From the first line to the last, please print the entries exactly, omitting pictures.

☆ ☆ ☆ ☆ ☆

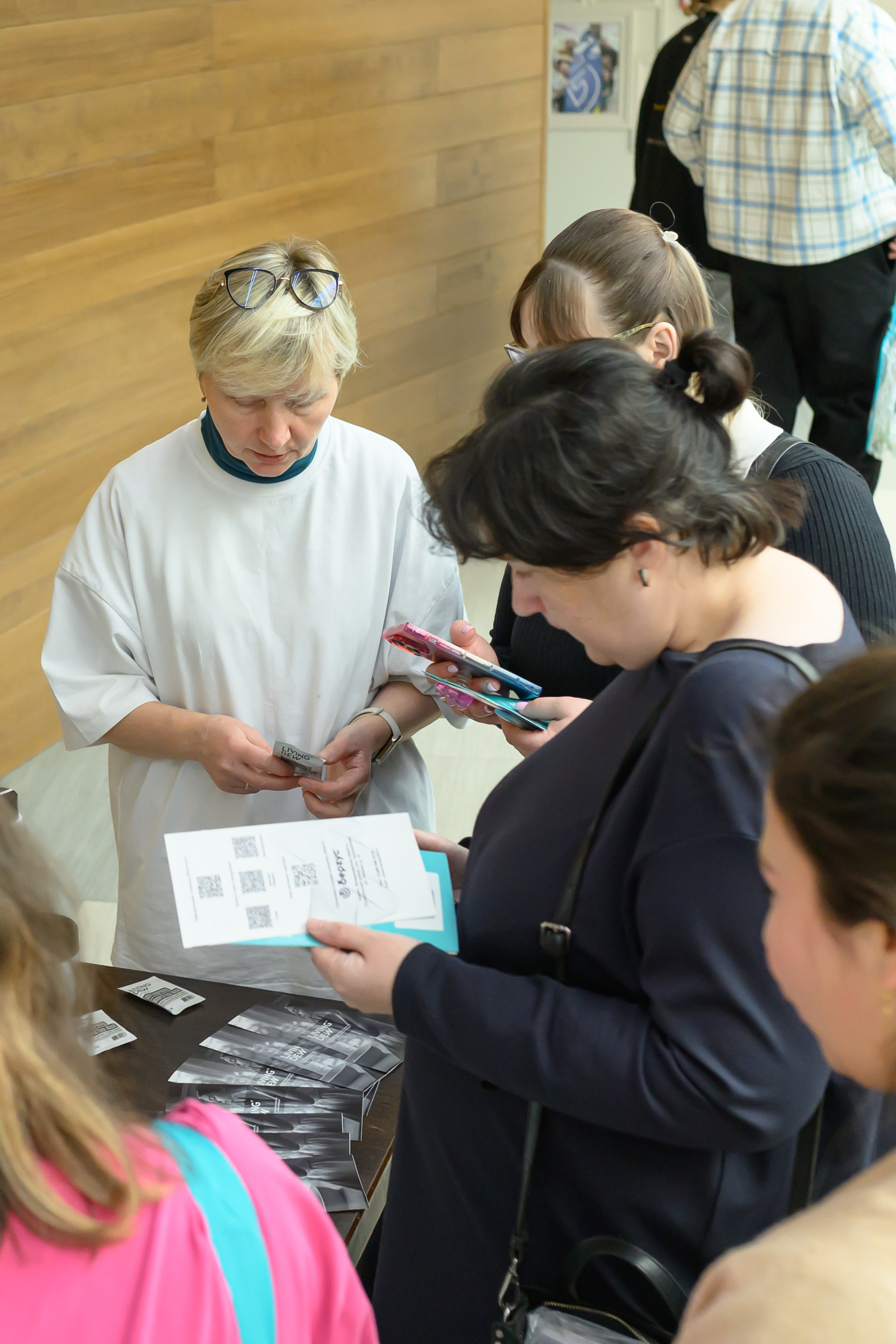 Фотоотчет праздника материнства февраль 2026 г. Профессиональный фотограф Елена Красилина г.Ярославль, г. Рыбинск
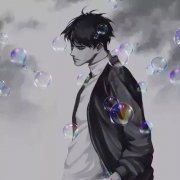 王者荣耀昵称男（ 好听霸气的男性角色名字） 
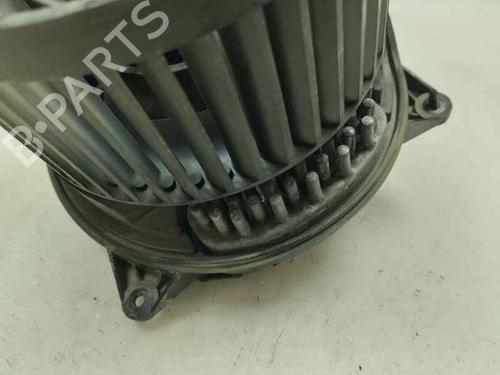 Heater blower motor FORD MONDEO III (B5Y) 2.0 TDCi | BP30540405M62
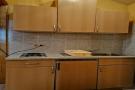 Holiday homeCroatia - Eastern Croatia: House Panorama - Studio Apartment (Studio)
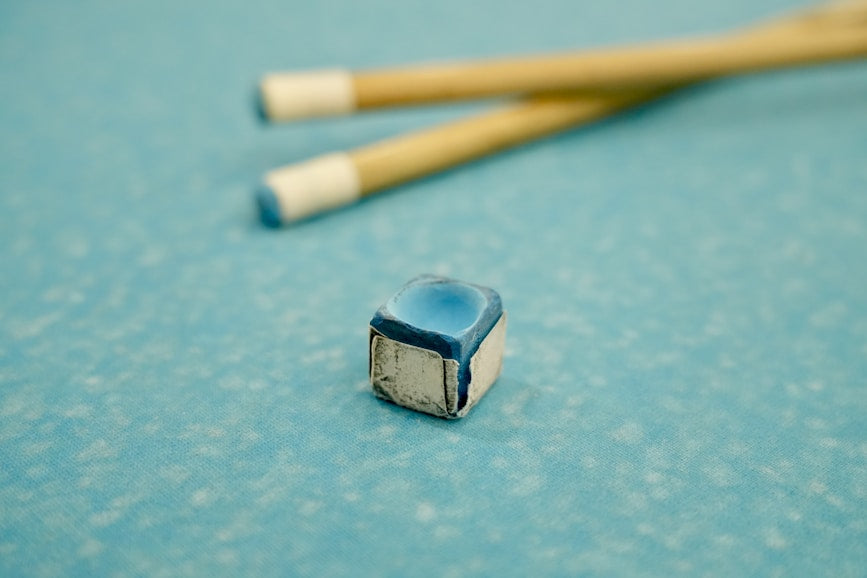 Billard Zubehör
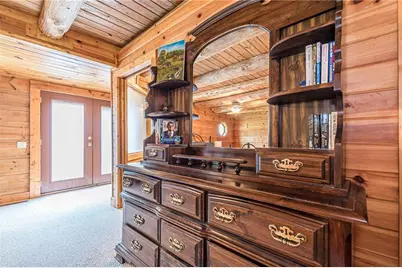 45 Chestatee River Ridge NE, Dahlonega, GA 30533 - Photo 49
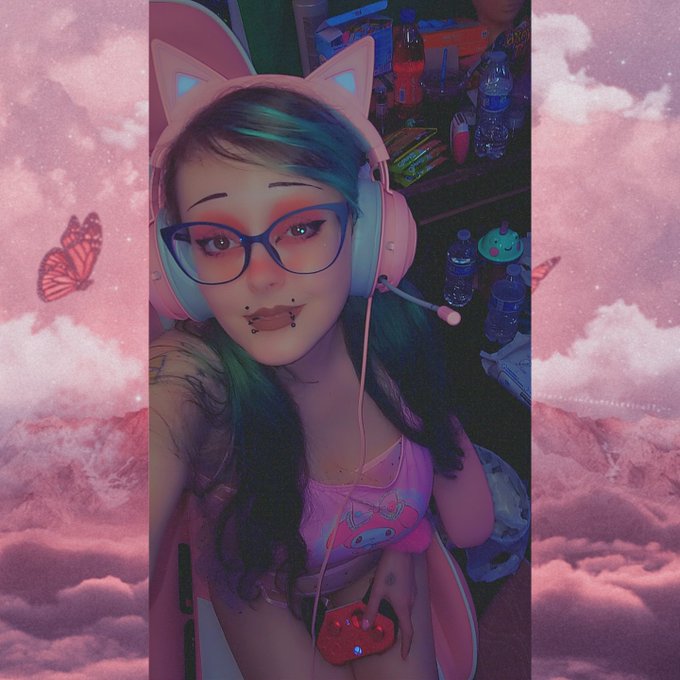 KittyDahmer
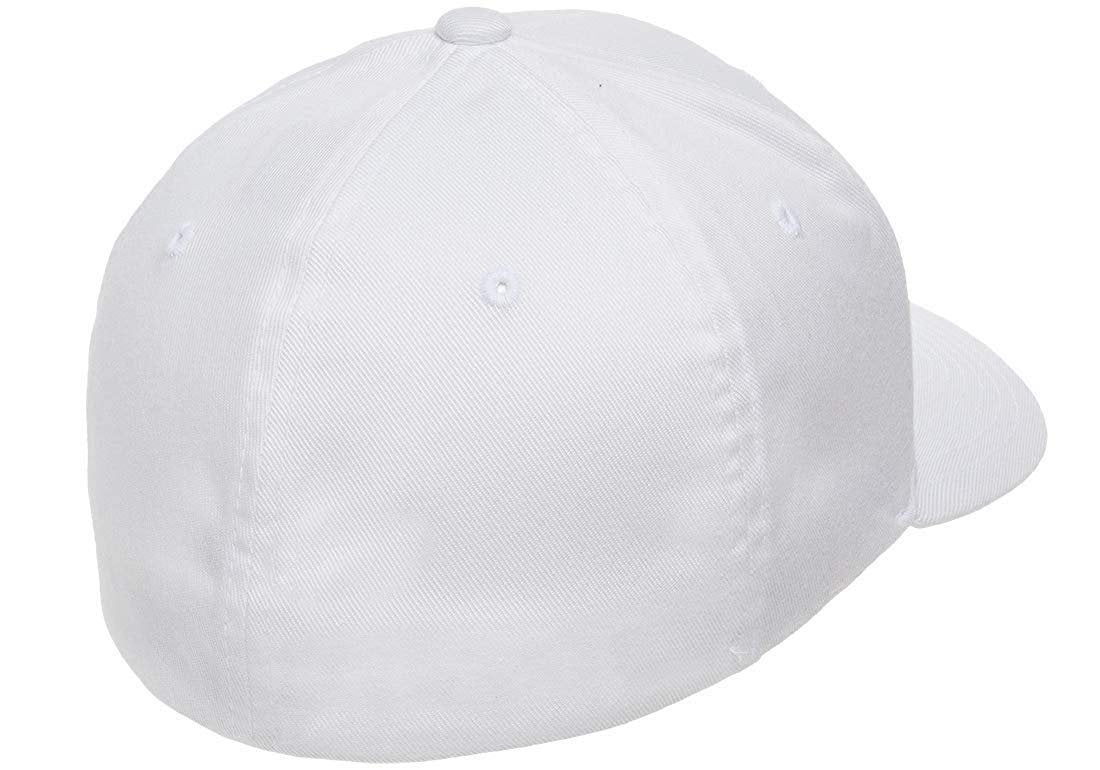 Flexfit Fitted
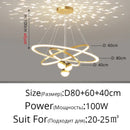 lustre-led-minimaliste-en-fil-de-fer-pour-d-coration-int-rieure-7.png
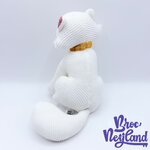 Peluche-Duchesse-Classic-Cozy-Knit-Series-Disney-Parks-Les-Aristochats-chat-blanc-crochet-maille-28-cm (6)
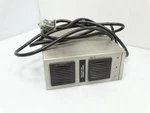 Domino CONTROLLER-D320I Process. Fixed Price $2502.89.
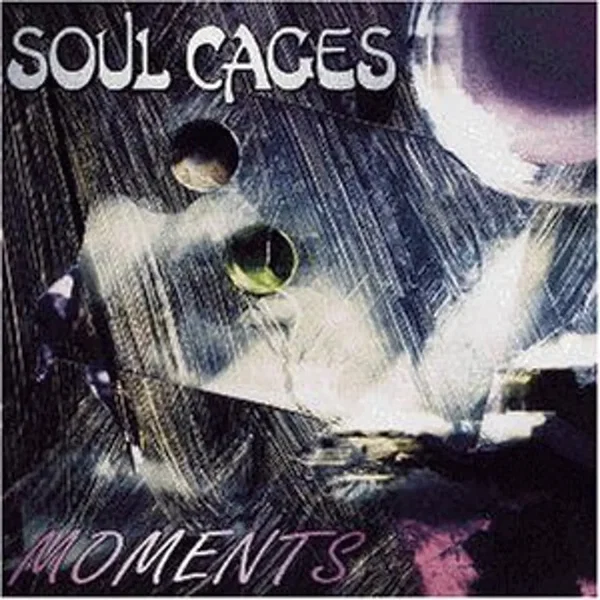 Moments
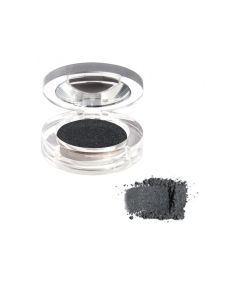 Breton Eye Shadow Smoke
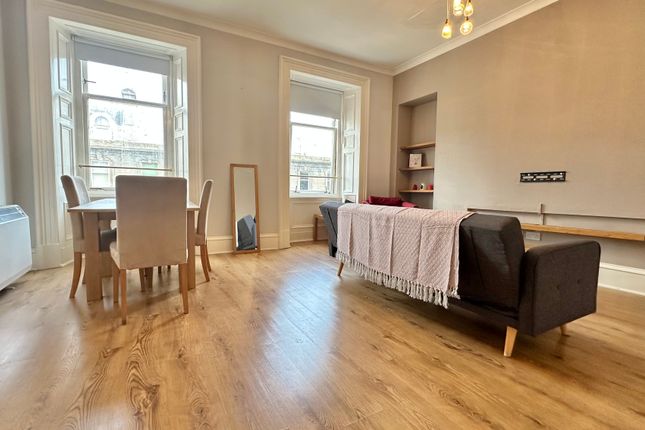 108E, Commercial Street, Dundee photo 3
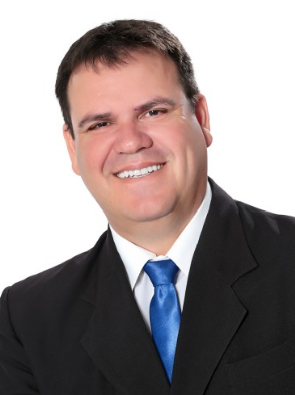 Alexandre Saraiva
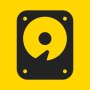 icon DeNet Storage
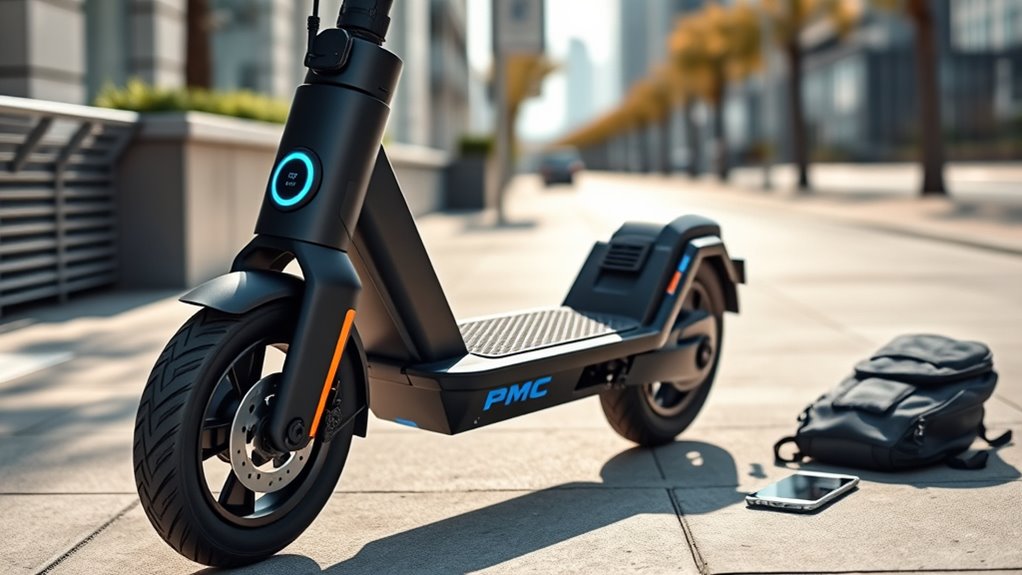 key factors for daily riding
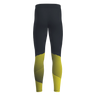 Biathlon 2.0 Konkurransetights Dame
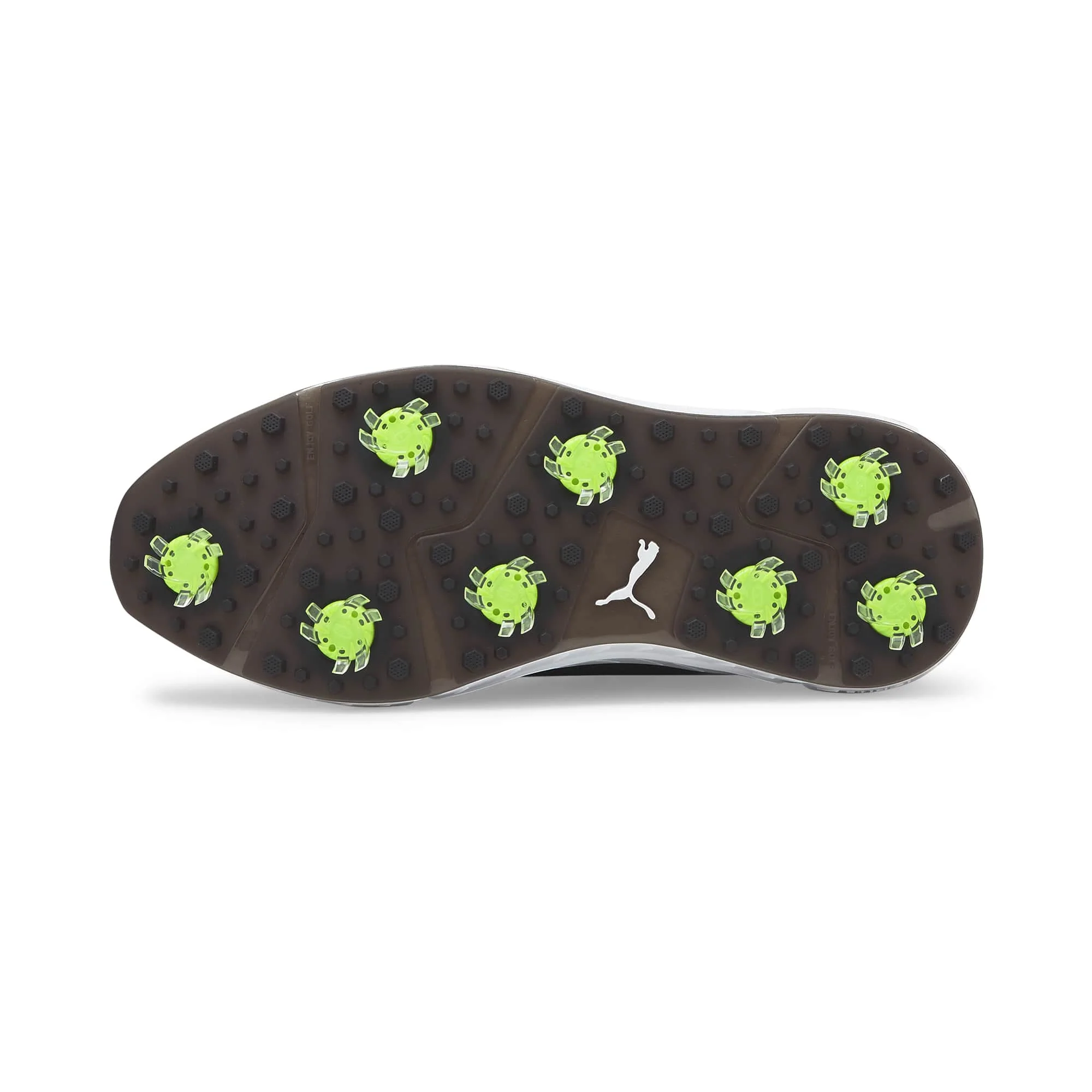 IGNITE ARTICULATE Golf Shoes - Image 15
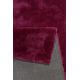 Tapis uni dégradé en polyester Relaxx Esprit Home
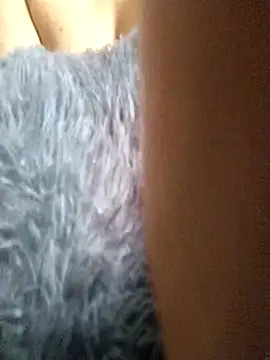 Telugu reddy  online show from 12-17-25, 05:02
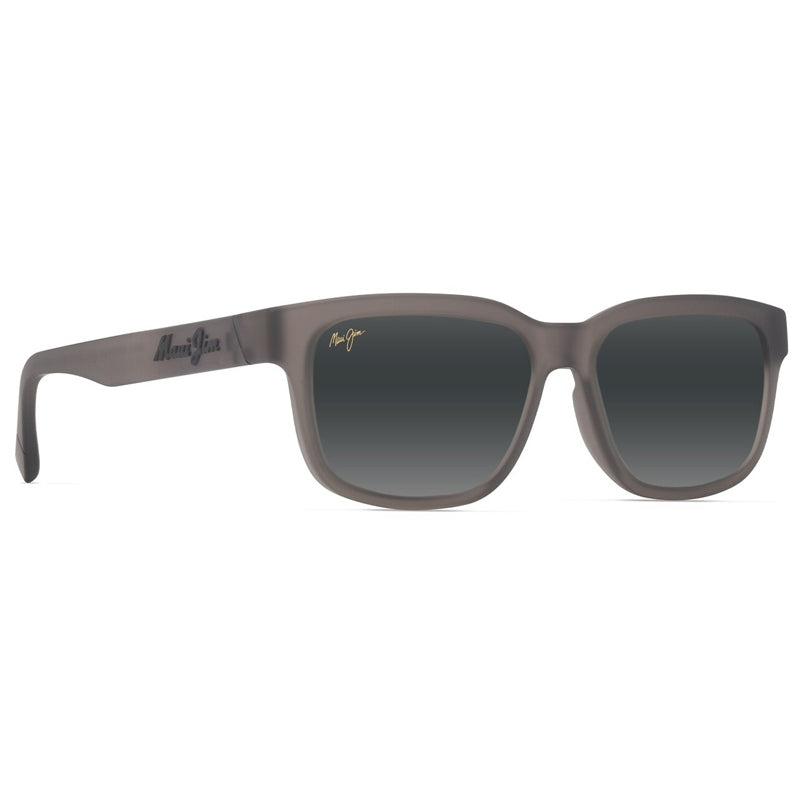 Occhiale da Sole Maui Jim, Modello: KOPIKALA Colore: MM594012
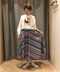 thumbail2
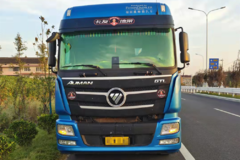 ���н�����  ��Ϊ��˾���ǵĹ���Сʦ��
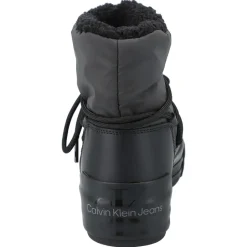 Vulc Flatform Bold Snow Boot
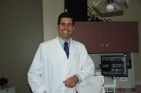 William Sensenbrenner, D.M.D.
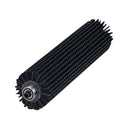 Cylinder brush PP 550/0,6 mm-1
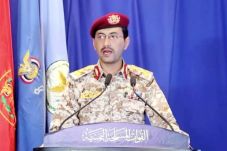 Setelah Arab Saudi,...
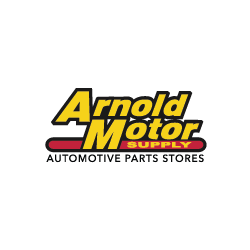 Image for Arnold Motor Supply with ID of: 5867352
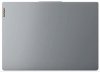 Ноутбук Lenovo IdeaPad Slim 3 16ABR8 (82XR007XRK)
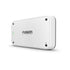 Garmin Fusion Apollo Marine Amplifier, 1800-watt 6 Channel (150-watt RMS per Channel), A Garmin Brand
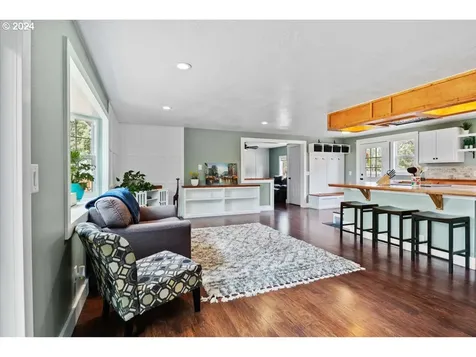 22835 Rodeo Court Bend OR 97701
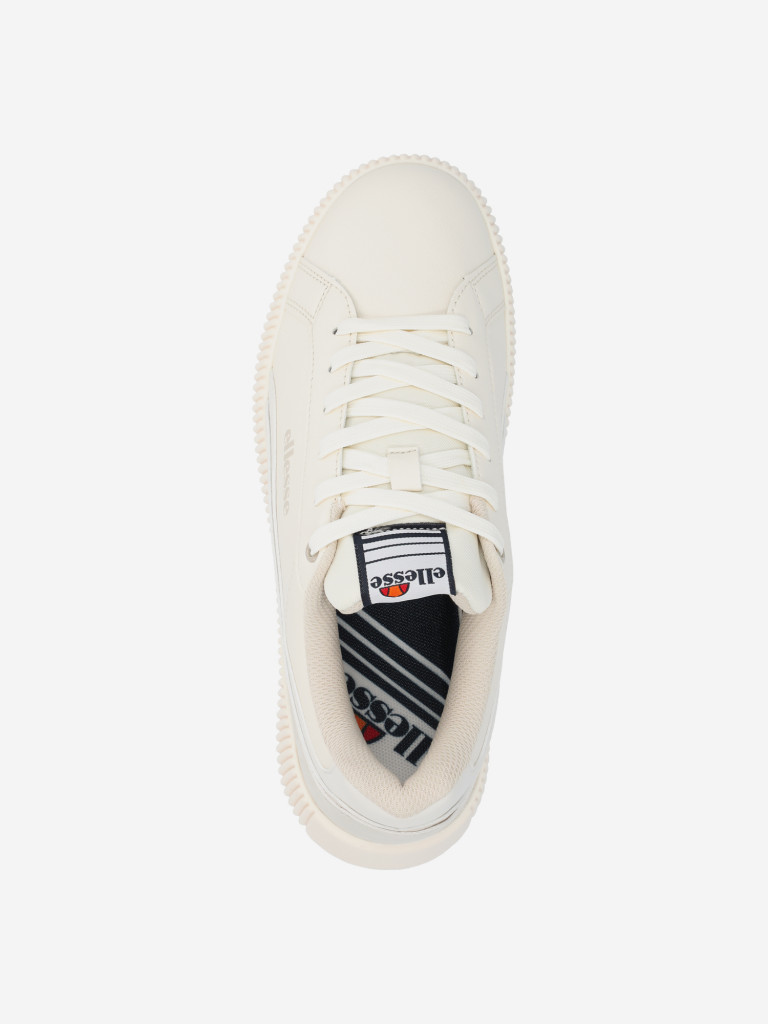 Кроссовки женские Ellesse Astra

☆ ☆ ☆ ☆ ☆

» OUTPUT FOR THIS TASK:
 Фотоотчет праздника материнства февраль 2026 г. Профессиональный фотограф Елена Красилина г.Ярославль, г. Рыбинск
 王者荣耀昵称男（ 好听霸气的男性角色名字） 
 Heater blower motor FORD MONDEO III (B5Y) 2.0 TDCi | BP30540405M62
 Holiday homeCroatia - Eastern Croatia: House Panorama - Studio Apartment (Studio)
 Billard Zubehör
 45 Chestatee River Ridge NE, Dahlonega, GA 30533 - Photo 49
 KittyDahmer
 Flexfit Fitted
 lustre-led-minimaliste-en-fil-de-fer-pour-d-coration-int-rieure-7.png
 Peluche-Duchesse-Classic-Cozy-Knit-Series-Disney-Parks-Les-Aristochats-chat-blanc-crochet-maille-28-cm (6)
 Domino CONTROLLER-D320I Process. Fixed Price $2502.89.
 Moments
 Breton Eye Shadow Smoke
 108E, Commercial Street, Dundee photo 3
 Alexandre Saraiva
 icon DeNet Storage
 key factors for daily riding
 Biathlon 2.0 Konkurransetights Dame
 IGNITE ARTICULATE Golf Shoes - Image 15
 Tapis uni dégradé en polyester Relaxx Esprit Home
 Telugu reddy  online show from 12-17-25, 05:02
 Occhiale da Sole Maui Jim, Modello: KOPIKALA Colore: MM594012
 thumbail2
 ���н�����  ��Ϊ��˾���ǵĹ���Сʦ��
 Vulc Flatform Bold Snow Boot
 William Sensenbrenner, D.M.D.
 Cylinder brush PP 550/0,6 mm-1
 Setelah Arab Saudi,...
 Image for Arnold Motor Supply with ID of: 5867352
 Ноутбук Lenovo IdeaPad Slim 3 16ABR8 (82XR007XRK)
 Garmin Fusion Apollo Marine Amplifier, 1800-watt 6 Channel (150-watt RMS per Channel), A Garmin Brand
 22835 Rodeo Court Bend OR 97701
 Кроссовки женские Ellesse Astra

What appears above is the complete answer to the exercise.